*** Opening of TASK INPUT ***
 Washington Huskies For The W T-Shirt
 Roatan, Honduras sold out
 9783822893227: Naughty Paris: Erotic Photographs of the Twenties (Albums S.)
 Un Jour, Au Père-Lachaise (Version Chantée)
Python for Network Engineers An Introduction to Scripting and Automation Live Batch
*** Close of TASK INPUT ***
*** Opening of TASK INPUT ***
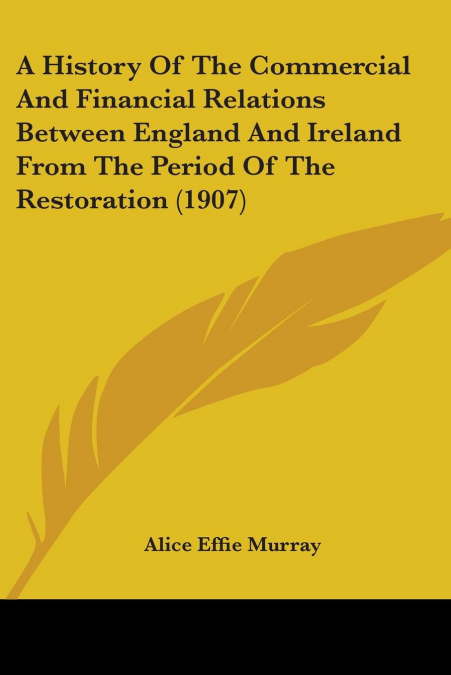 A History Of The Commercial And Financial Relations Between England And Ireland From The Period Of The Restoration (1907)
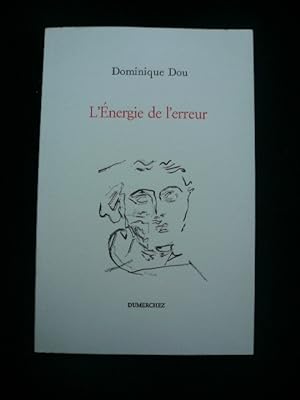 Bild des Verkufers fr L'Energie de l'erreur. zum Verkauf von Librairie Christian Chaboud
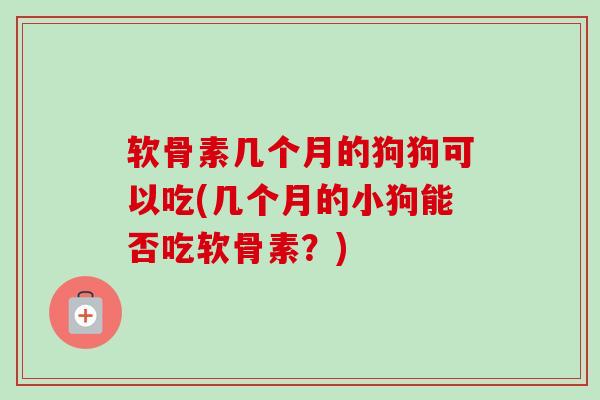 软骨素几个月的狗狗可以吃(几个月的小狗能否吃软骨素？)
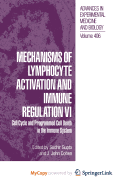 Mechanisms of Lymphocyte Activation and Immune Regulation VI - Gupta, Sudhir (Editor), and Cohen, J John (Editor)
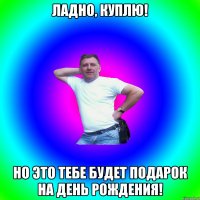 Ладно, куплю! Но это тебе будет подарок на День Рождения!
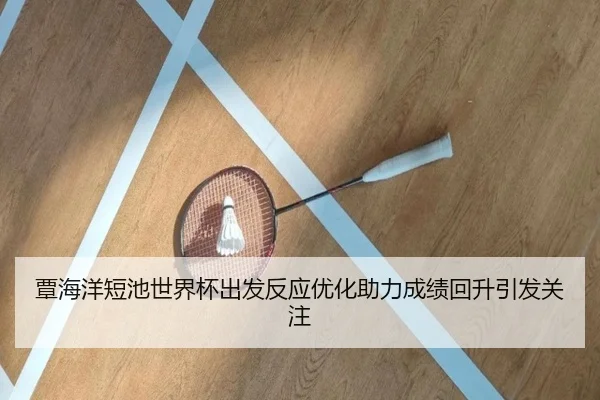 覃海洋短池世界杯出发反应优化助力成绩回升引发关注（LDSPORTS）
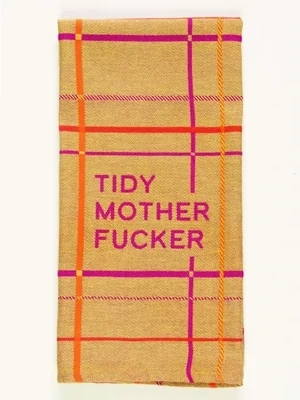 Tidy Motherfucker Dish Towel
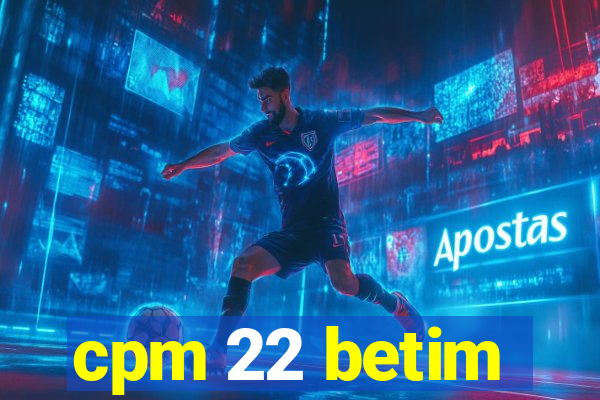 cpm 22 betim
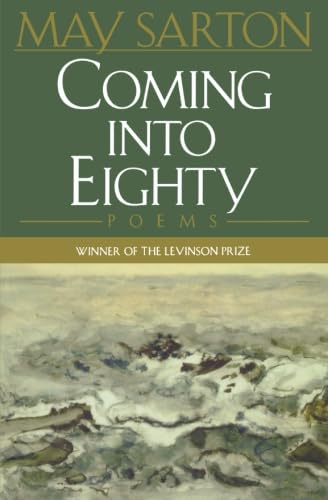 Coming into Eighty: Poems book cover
*** Close of TASK INPUT ***
◆ PROBLEM STATEMENT
The data above holds the lines to copy: start at the one with "Mechanisms of Lymphocyte", stop at the one with "Coming into Eighty: Poems book cover", include both, copy them exactly without pictures, and copy nothing else.

◆ ANSWER SECTION
 Mechanisms of Lymphocyte Activation and Immune Regulation VI - Gupta, Sudhir (Editor), and Cohen, J John (Editor)
 Ладно, куплю! Но это тебе будет подарок на День Рождения!
 覃海洋短池世界杯出发反应优化助力成绩回升引发关注（LDSPORTS）
 Tidy Motherfucker Dish Towel
 cpm 22 betim
 Coming into Eighty: Poems book cover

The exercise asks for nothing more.